Each such certificate shall be sealed with the corporate seal, which may be
facsimile, engraved or printed. If the Corporation shall be authorized to issue
more than one class or series of stock, every certificate representing shares
shall set forth upon the face or back of the certificate, or shall state that
the Corporation will furnish to any shareholder upon request and without charge,
a full or summary statement of the designations, voting rights, preferences,
limitations and relative rights of the shares of each class authorized to be
issued and, if the Corporation is authorized to issue any preferred or special
class in series, the variations in the relative rights and preferences between
the shares of each such series so far as the same have been fixed and determined
and the authority of the Board of Directors to fix and determine designations,
voting rights, preferences, limitations, and special rights of the classes and
series of shares of the Corporation.

     Section 2. Facsimile Signatures. Where a certificate is countersigned (1)
by a transfer agent other than the Corporation or its employee or (2) by a
registrar other than the Corporation or its employee, any other signature on the
certificate may be facsimile, engraved or printed.
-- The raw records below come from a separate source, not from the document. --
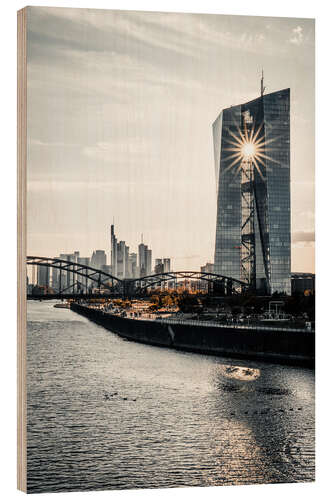 Stampa su legno ECB in Front of the Skyline With Sun Shining Through the Building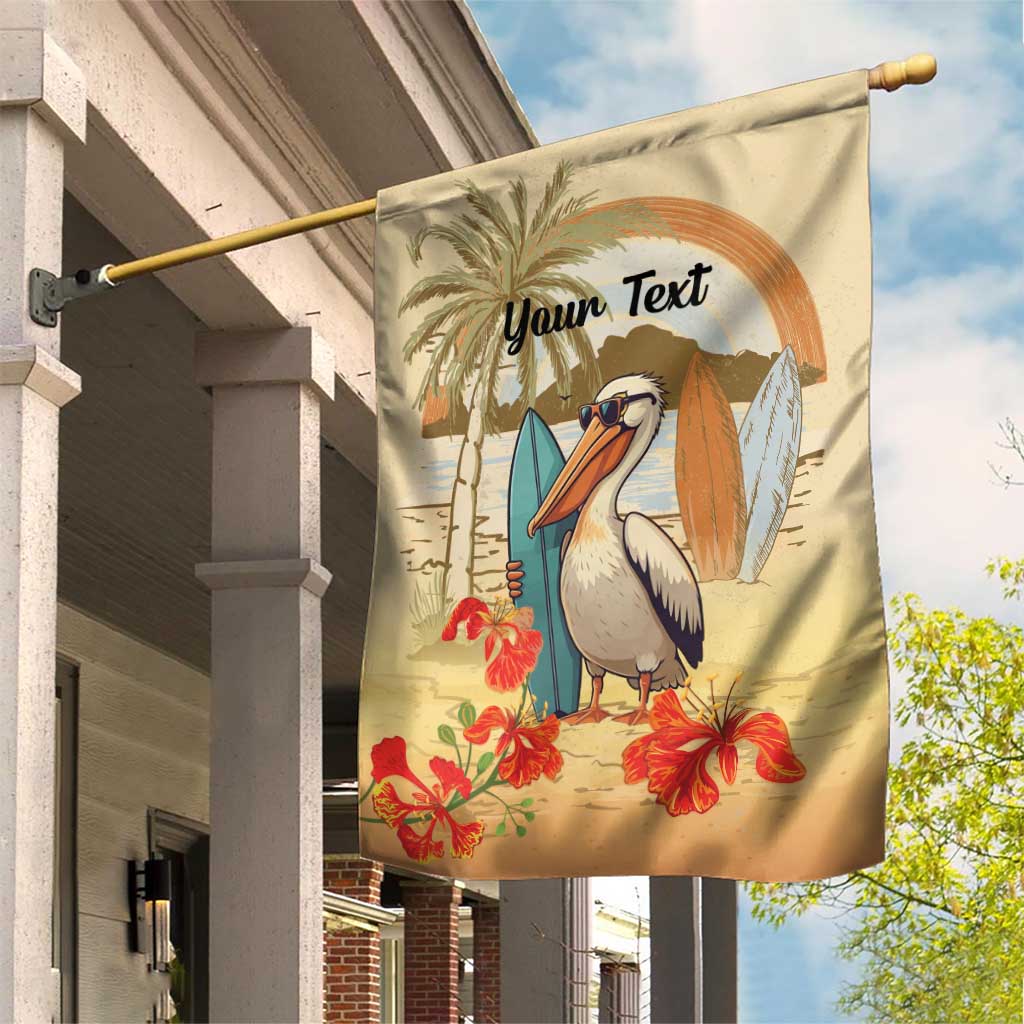 Personalized Saint Kitts And Nevis Garden Flag Brown Pelican Beach Vibe - Wonder Print Shop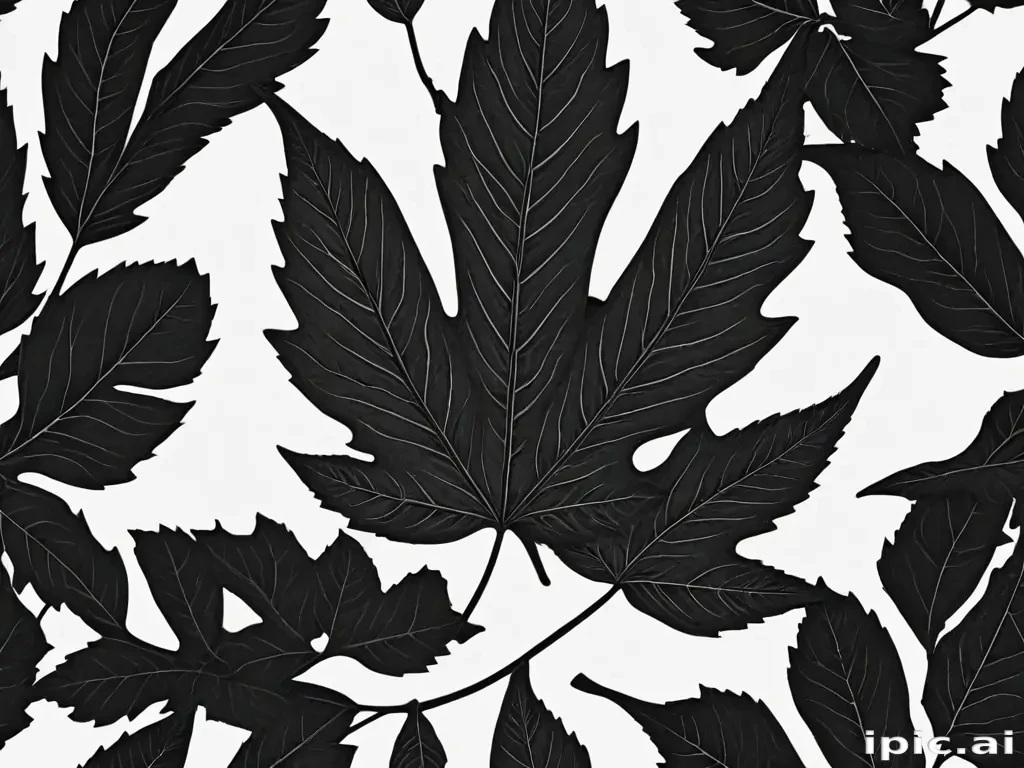 clipart of leaf black and white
In case any officer, transfer
agent or registrar who has signed or whose facsimile signature has been placed
upon a certificate, shall have ceased to be such officer, transfer agent or
registrar before such certificate is issued, it may be issued by the Corporation
with the same effect as if he were such officer, transfer agent or registrar at
the date of issue.



                                       13



     Section 3. Lost Certificates. The Board of Directors may direct a new

certificate or certificates to be issued in place of any certificate or
certificates theretofore issued by the Corporation alleged to have been lost,
stolen or destroyed upon the making of an affidavit to that fact by the person
claiming the certificate of stock to be lost, stolen or destroyed. When
authorizing such issue of a new certificate or certificates, the Board of
Directors may, in its discretion and as a condition precedent to the issuance
thereof, require the owner of such lost, stolen or destroyed certificates or
certificates, or his legal representative, to advertise the same in such manner
as it shall require and/or to give the Corporation a bond in such sum as it may
direct as indemnity against any claim that may be made against the Corporation
with respect to the certificate alleged to have been lost, stolen or destroyed.
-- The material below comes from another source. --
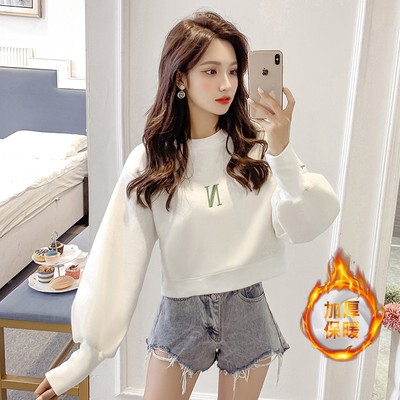 小个子加绒卫衣韩版棉宽松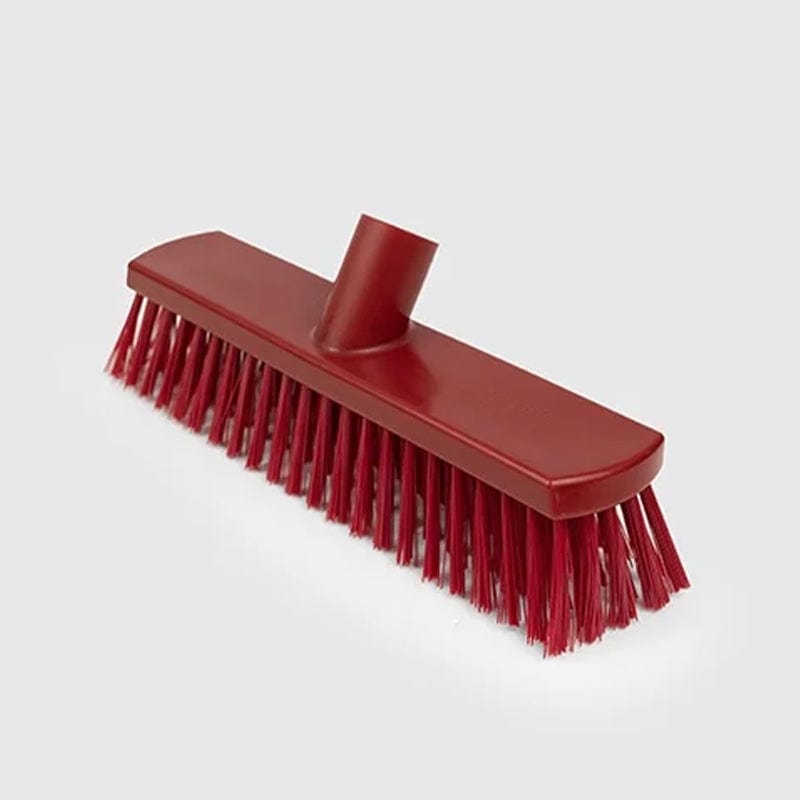 stiff red floor cleaning brush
     Section 4. Transfers of Stock. Upon surrender to the Corporation or the
transfer agent or agents of the Corporation of a certificate for shares duly
endorsed or accompanied by proper evidence of succession, assignment or
authority to transfer, it shall by the duty of the Corporation to issue a new
certificate to the person entitled thereto, cancel the old certificate and
record the transaction upon its books.

     Section 5. Fixing Record Date. In order that the Corporation may determine
the shareholders entitled to notice of or to vote at any meeting of shareholders
or any adjournment thereof, or entitled to receive payment of any dividend or
other distribution or allotment of any rights, or entitled to exercise any
rights in respect of any change, conversion or exchange of stock or for the
purpose of any other lawful action, the Board of Directors may fix, in advance,
a record date, which shall not be more than ninety days before the date of such
meeting or any other action. If no record date is fixed, then (a) the record
date for determining shareholders shall be at the close of business on the day
next preceding the day on which notice is given or, if notice is waived, at the
close of business on the day next preceding the day on which the meeting is held
and (b) the record date for determining shareholders for any other purpose shall
be at the close of business on the day on which the Board of Directors adopts
the resolution relating hereto. A determination of shareholders of record
entitled to notice of, or to vote at, a meeting of shareholders shall apply to
any adjournment of the meeting; provided, however, that the Board of Directors
may fix a new record date for the adjourned meeting in which case notice of the
adjourned meeting shall be given to each shareholder of record entitled to vote
at the meeting.

     Section 6. Registered Shareholders. The Corporation shall be entitled to
recognize the exclusive right of a person registered on its books as the owner
of shares to receive dividends, and to vote as such owner, and to hold liable
for calls and assessments a person registered on its books as the owner of
shares, and shall not be bound to recognize any equitable or other claim to or
interest in such share or shares on the part of any other person, whether or not
it shall have express or other notice thereof, except as otherwise provided by
the laws of Pennsylvania.


                                       14



                                  ARTICLE VIII


                               GENERAL PROVISIONS

     Section 1. Dividends. Dividends upon the capital stock of the Corporation,
subject to the provisions of the Articles, if any, may be declared by the Board
of Directors at any regular or special meeting, pursuant to law. Dividends may
be paid in cash, in property, or in shares of the capital stock, subject to the
provisions of the Articles.

     Section 2. Reserves. Before payment of any dividend, there may be set aside
out of any funds of the Corporation available for dividends such sum or sums as
the directors from time to time in their absolute discretion, think proper as a
reserve or reserves to meet contingencies, or for equalizing dividends, or for
repairing or maintaining any property of the Corporation, or for such other
purposes as the directors shall think conductive to the interest of the
Corporation, and the directors may modify or abolish any such reserve in the
manner in which it was created.

     Section 3. Fiscal Year. The fiscal year of the Corporation shall end on the
thirty-first day of December in each year.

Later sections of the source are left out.